* Exercise description
Copy the listing exactly, leaving out every picture.

◇ ◇ ◇ ◇ ◇ ◇ ◇

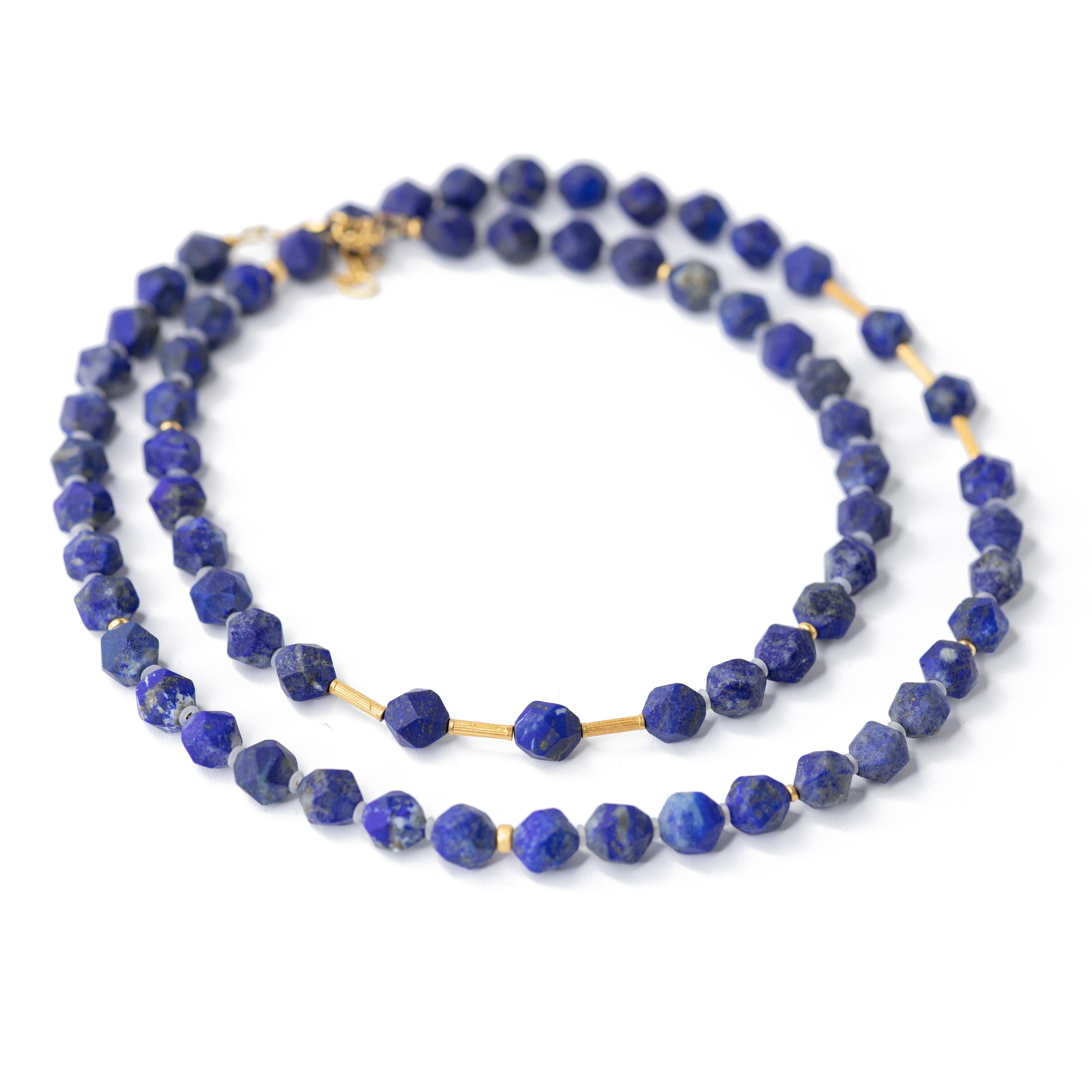 Women's Lapis Lazuli Necklace - Blue Madrid Lapis Necklace by Bombyx House For Sale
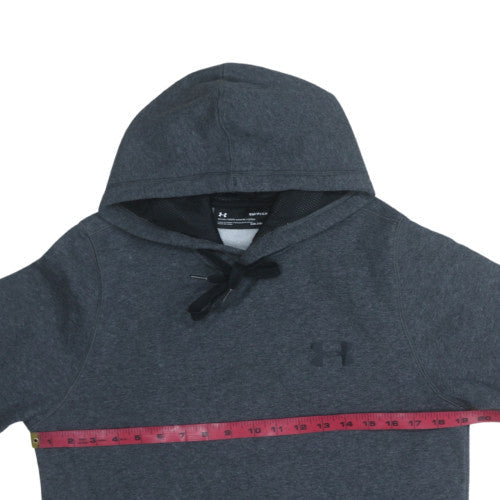 Under Armour Mens Grey Pullover Hoodie Size S Athletic Fit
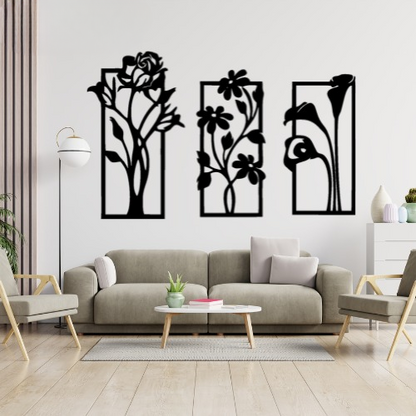 3d Flower Frame wall Art | Wooden Flower Frame wall Art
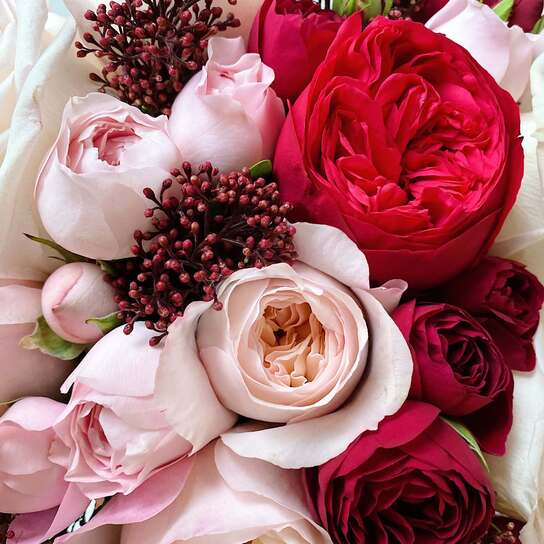 Букет Jaclyn в вазе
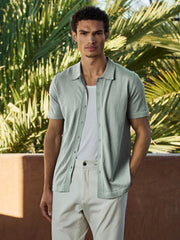 Riviera Knit Button Up | Mercury Signature-Fit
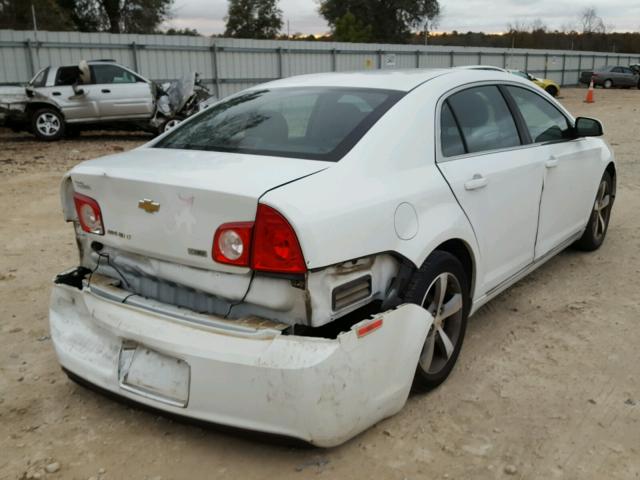 1G1ZC5EU8BF374047 - 2011 CHEVROLET MALIBU 1LT WHITE photo 4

◇ ◇ ◇ ◇ ◇ ◇ ◇

* Solution below
 Women's Lapis Lazuli Necklace - Blue Madrid Lapis Necklace by Bombyx House For Sale
 Under Armour Mens Grey Pullover Hoodie Size S Athletic Fit
 3d Flower Frame wall Art | Wooden Flower Frame wall Art
 Букет Jaclyn в вазе
 Riviera Knit Button Up | Mercury Signature-Fit
 1G1ZC5EU8BF374047 - 2011 CHEVROLET MALIBU 1LT WHITE photo 4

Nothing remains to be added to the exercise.